-- TO DO --
Among the records that follow, set down only the lines from the one containing "Monumentaler Friedhof, Mailand, Italien, bekannt" to the one containing "Used 2024 Hyundai Venue SEL image 30", both included, exactly.

**** MATERIAL TO PROCESS

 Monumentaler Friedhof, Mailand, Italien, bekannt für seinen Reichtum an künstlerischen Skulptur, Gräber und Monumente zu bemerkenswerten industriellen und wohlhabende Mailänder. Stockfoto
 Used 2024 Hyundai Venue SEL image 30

********
**** MATERIAL TO PROCESS

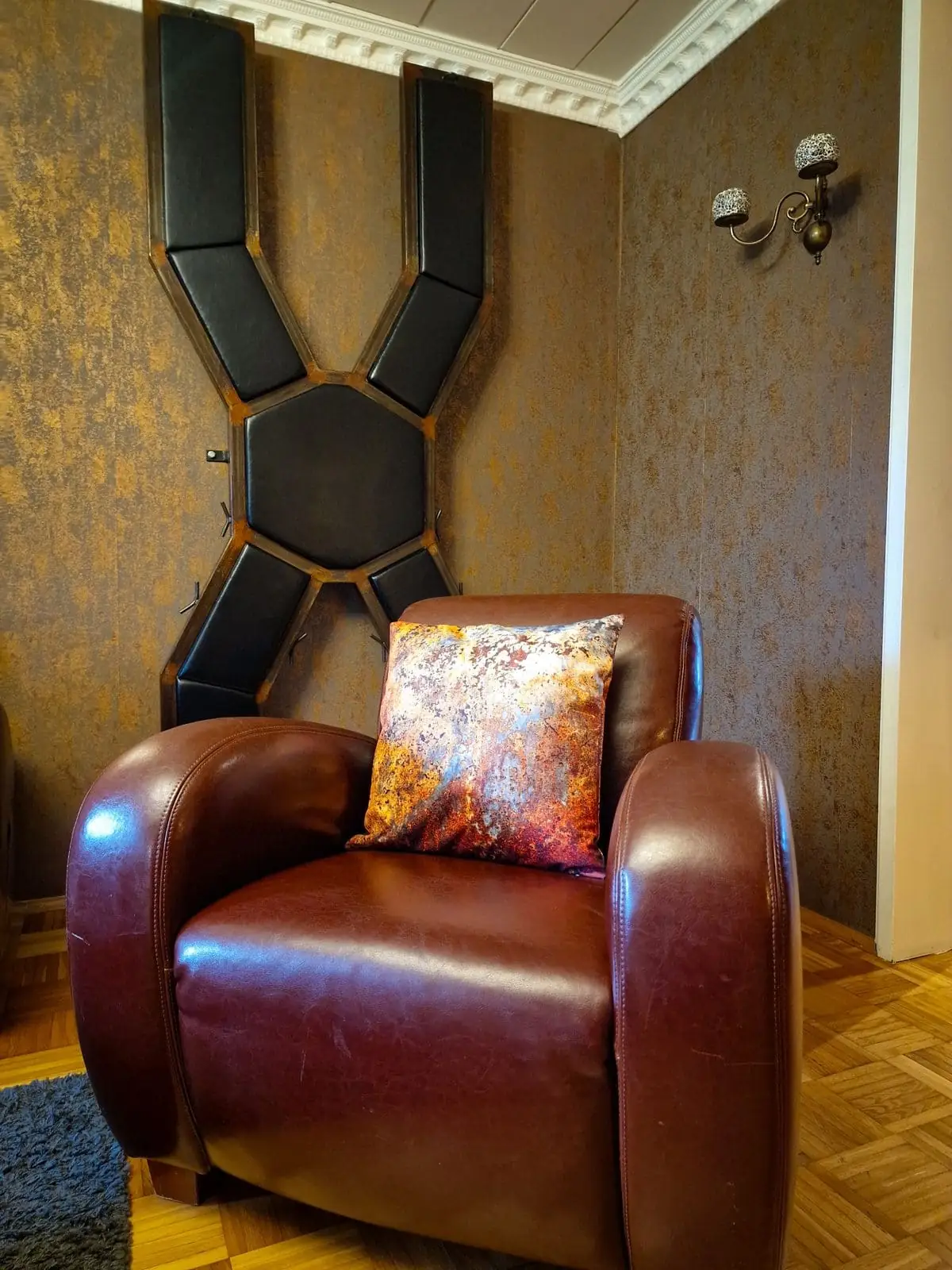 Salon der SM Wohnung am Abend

********

-- TASK OUTPUT --
 Monumentaler Friedhof, Mailand, Italien, bekannt für seinen Reichtum an künstlerischen Skulptur, Gräber und Monumente zu bemerkenswerten industriellen und wohlhabende Mailänder. Stockfoto
 Used 2024 Hyundai Venue SEL image 30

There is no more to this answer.